У исторического процесса не бывает «кульминации», высочайшей точки. Человеческие существа изобрели это понятие лишь оттого, что невыносимой казалась мысль о нескончаемом конфликте.

Подобные предсказания сыщутся и в свирепых пророчествах Гегеля и Маркса, также предрекавших погибель буржуазии, и смерть, и лаву, и грядущую новую цивилизацию. Но если писания обоих – и Гегеля, и Маркса – звучат несомненно злобной насмешкой, вурдалачьей радостью при мысли о том, какие необъятные разрушительные силы сорвутся с цепи, какое начнется поголовное уничтожение всех простодушных, всех глупцов и всех презренных филистеров, ни сном ни духом не ведающих о своей грядущей жуткой участи, то Герцен свободен от низменного преклонения перед зрелищем торжествующей и лютующей силы, от презрения к слабости как таковой, и от романтического уныния, в коем кроются корни всякого нигилизма и фашизма, пришедших уже позднее; Герцен отнюдь не полагает близящийся катаклизм неминуемым или славным. Он презирает либералов, затевающих революции, а затем пытающихся утихомирить их последствия; одновременно подрывающих старый порядок – и льнущих к нему; поджигающих фитиль – и старающихся предотвратить взрыв; пугающихся, когда является легендарная тварь – их «несчастный, обделенный брат»[149] – рабочий, пролетарий, требующий себе прав и не разумеющий, что если ему самому терять нечего, то интеллигентный человек легко потеряет при этом все.

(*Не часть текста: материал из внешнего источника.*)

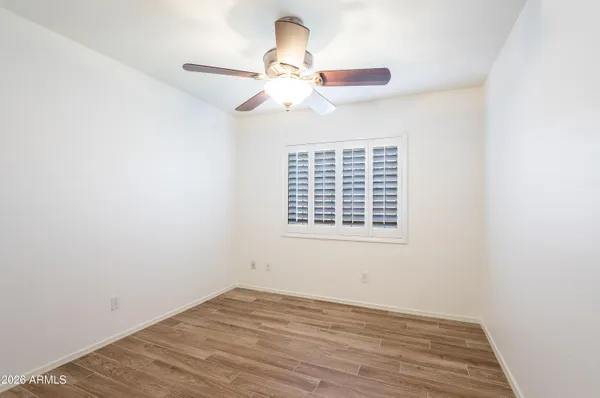 $550,000 | 1371 South Saguaro Street, Gilbert, AZ 85233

Именно либералы предали парижскую, римскую и венскую революции 1848 года – не только ставши отступниками и помогая разбитым реакционерам возвратиться к власти и раздавить свободу, но сперва ударившись в бегство, а после голося: «исторические силы чересчур могучи, чтобы противиться им». Если не знаешь решения задачи, гораздо честнее признаться в этом и сформулировать ее условия более понятным образом, нежели сперва затемнять их, расписываться в немощи, идти на предательство, – а потом сетовать: история, дескать, слишком уж могущественна, куда нам против нее...Верно: идеалы 1848 года были и сами по себе достаточно пустыми – во всяком случае, Герцен считал их пустыми в 1869-м: «Ни одной построяющей, органической мысли мы не находим в их завете, а экономические промахи, не косвенно, как политические, а прямо и глубже ведут к разорению, к застою, к голодной смерти»[150]. Грубые экономические промахи плюс «арифметический <...> пантеизм всеобщей подачи голосов», «суеверие <...> в республику» и «суеверие в парламентские реформы»[151] – вот и все, по сути дела, идеалы 1848 года.

Но либералы не боролись даже за собственные дурацкие программы. Да и в любом случае, свободы не добьешься подобными способами. Нынешние наши требования достаточно ясны, это скорее социальные требования, чем экономические; ибо в отсутствие преобразований более глубоких, простые экономические перемены, предлагаемые и проповедуемые социалистами, недостаточны, чтобы покончить с цивилизованным людоедством, самодержавием, религией, судопроизводством, правительствами, нравственностью и повседневными привычками. Устоявшаяся частная жизнь граждан тоже должна перемениться. ..

«И не странно ли, что человек, освобожденный новой наукой от нищеты и от несправедливого стяжания, – все же не делался свободным человеком, а как-то затерялся в общине? Хоть это лучше, нежели человек-машина, человек-снаряд, но все же оно тесно, неудовлетворительно. Понять всю ширину и действительность, понять всю святость прав личности и не разрушить, не раздробить на атомы общество – самая трудная социальная задача. Ее разрешит, вероятно, сама история для будущего, в прошедшем она никогда не была разрешена»ъ.

Науке с этим не сладить (расе, Сен-Симон), и ополчаться на безудержную промышленную конкуренцию бесполезно, и бессмысленно проповедовать искоренение бедности – если все это кончится лишь слиянием личностей в единую, монолитную, гнетущую общину – в ««каторжное равенство», бывшее столь милым сердцу Гракха Бабефа.